Today, the U.S. Supreme Court will hear oral argument in a case challenging the constitutionality of this practice. In the last four decades, the Court has fully considered only three other challenges to political gerrymanders, and each time the Court stopped short of finding the practice unconstitutional. The Court expressed concerns about such manipulative practices, but was unable to identify manageable standards for distinguishing between permissible and impermissible legislative line-drawing. The Court seemed to believe that the standards previously proposed by those challenging the gerrymandered districts were mathematically-based and too complicated for courts to apply.
But, as the ACLU/NYCLU’s amicus filing in today’s Supreme Court challenge shows, such standards need not be analytically complicated.

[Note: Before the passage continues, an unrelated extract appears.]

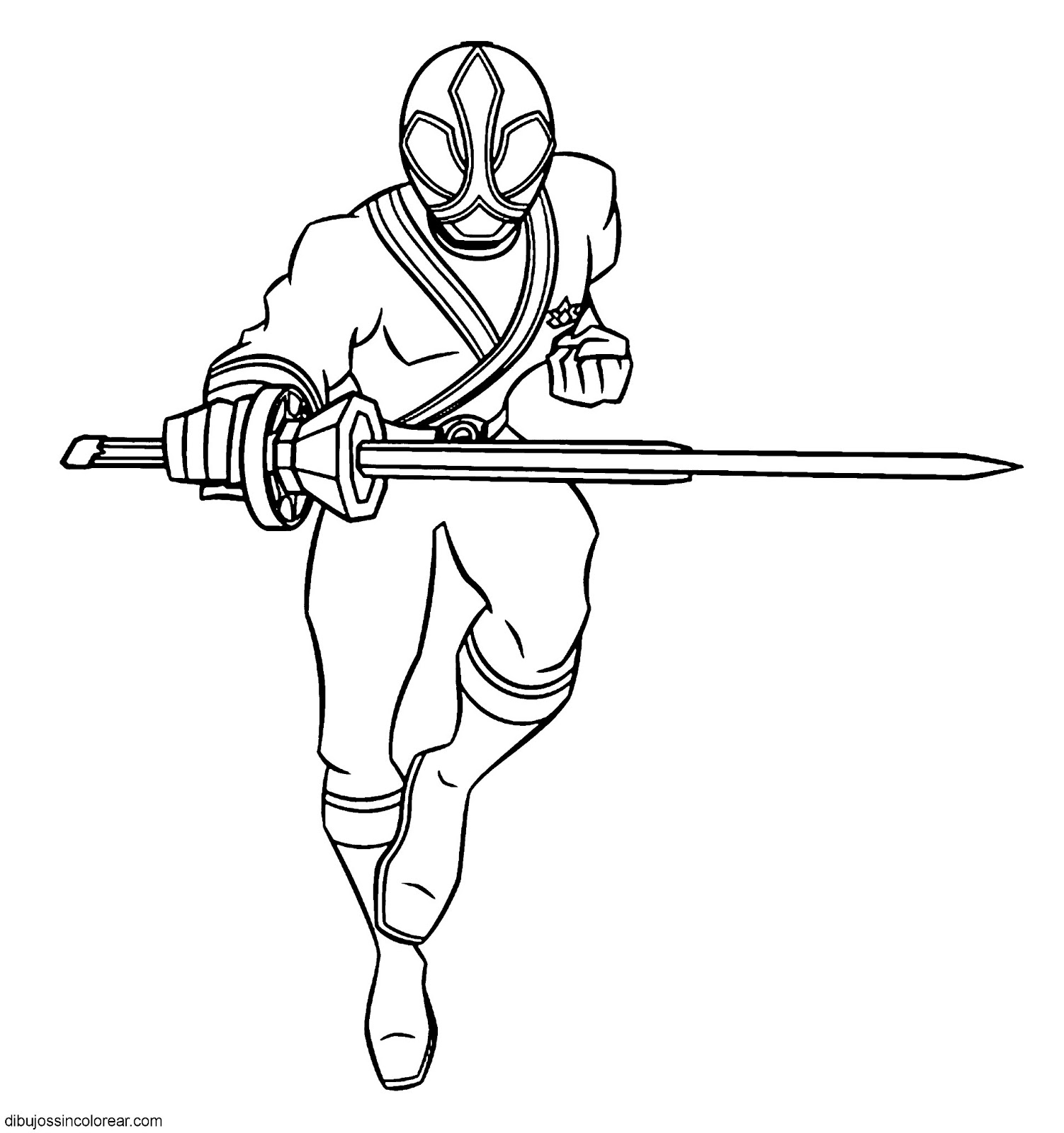 Red Samurai Ranger para colorir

State legislatures violate this neutrality principle when their primary motive is to draw district lines to secure a partisan advantage or to protect incumbents.
Here is the reason why. Suppose a state legislature were to direct election officials to rig all voting machines in the state to manipulate the outcome of elections. We would all understand that such behavior is wrong. Yet, drawing legislative district lines for partisan or political advantage is not much different. In both circumstances, a state legislature engaged in such practices would be violating the government's obligation to remain neutral in its administration of elections.

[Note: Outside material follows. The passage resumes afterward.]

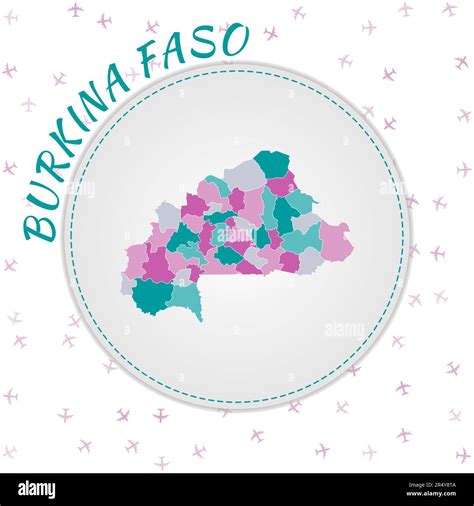 Burkina Faso Diseño De Mapas Mapa Del País Con Regiones En Paleta De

There is a constitutional basis for this obligation of neutrality. The Court has rendered a series of First Amendment decisions holding that when the government regulates expressive activities within public parks or other public facilities, it may not privilege some speakers over others based upon the viewpoints expressed or the political affiliation of the speakers. As Justice Thurgood Marshall observed: “There is an equality of status in the field of ideas and government must afford all points of view on equal opportunity to be heard.” This equal opportunity must also be extended to voters entering the polling place to engage in political expression in support of candidates and must be enforced by imposing an obligation of government neutrality.
These past decisions of the Supreme Court, which lie at the crossroads of the First Amendment and the Equal Protection Clause of the Fourteenth Amendment, provide significant support for the principle that the government must remain neutral in administering elections and that it cannot have its thumb on the electoral scale.

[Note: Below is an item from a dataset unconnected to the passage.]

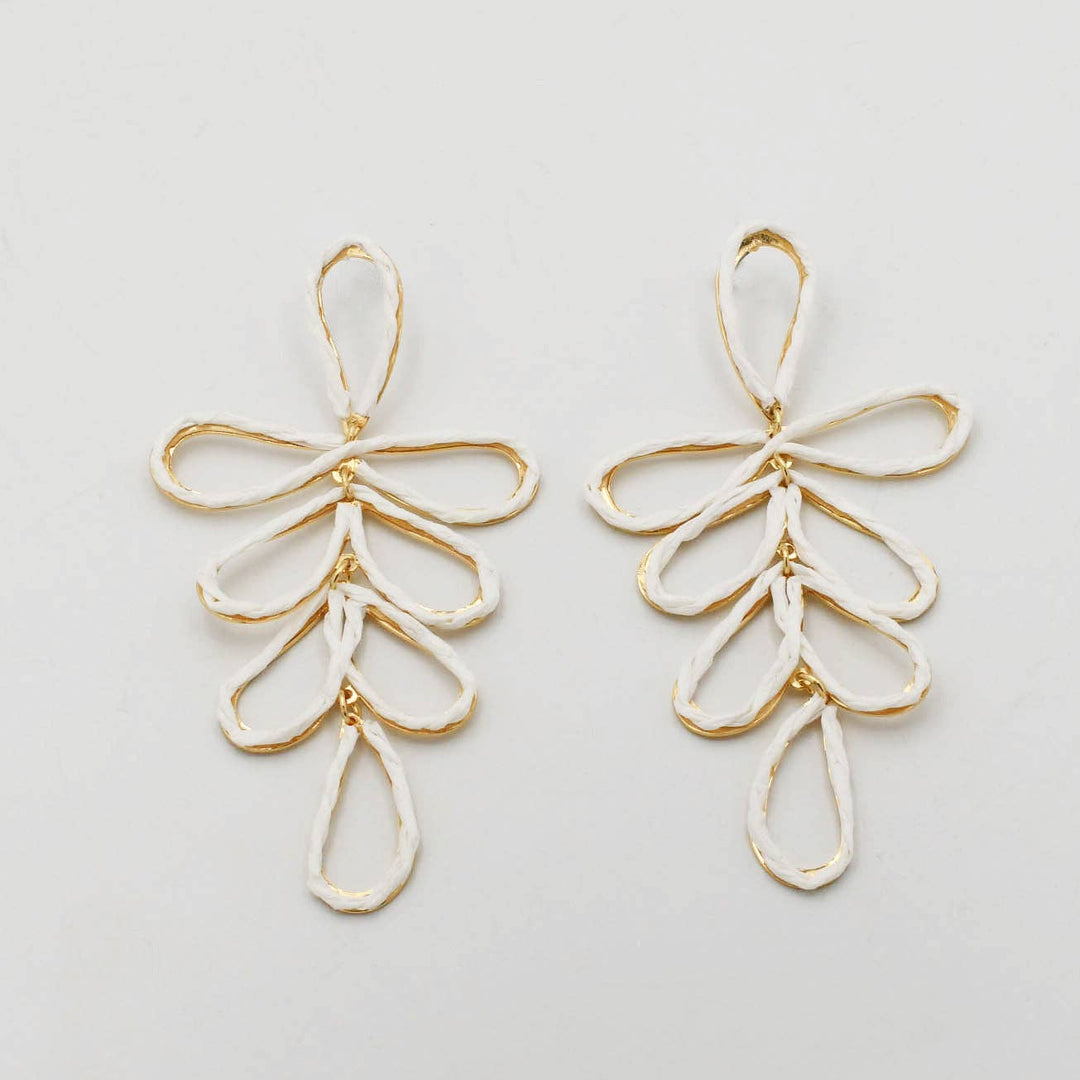 White Tropical Drop Earrings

These cases suggest a straightforward standard for resolving challenges to gerrymandered districts which turns first and foremost on the motivation of those who create the districting arrangement. State legislatures violate neutrality principles when their primary motive is to draw district lines to secure a partisan advantage or to protect incumbents and when they accomplish their impermissible goals.
Elbridge Gerry participated in the Constitutional Convention of 1787. But he ultimately opposed ratification of the Constitution because it contained no Bill of Rights to protect free expression and other fundamental liberties. His objection was, of course, subsequently addressed. We now have a First Amendment that protects free expression, including expression undertaken in the voting process.
Given Gerry’s insistence on a Bill of Rights, it would be supremely ironic if the Court were to now invoke the First Amendment to invalidate political gerrymandering.
It would also be the right thing to do.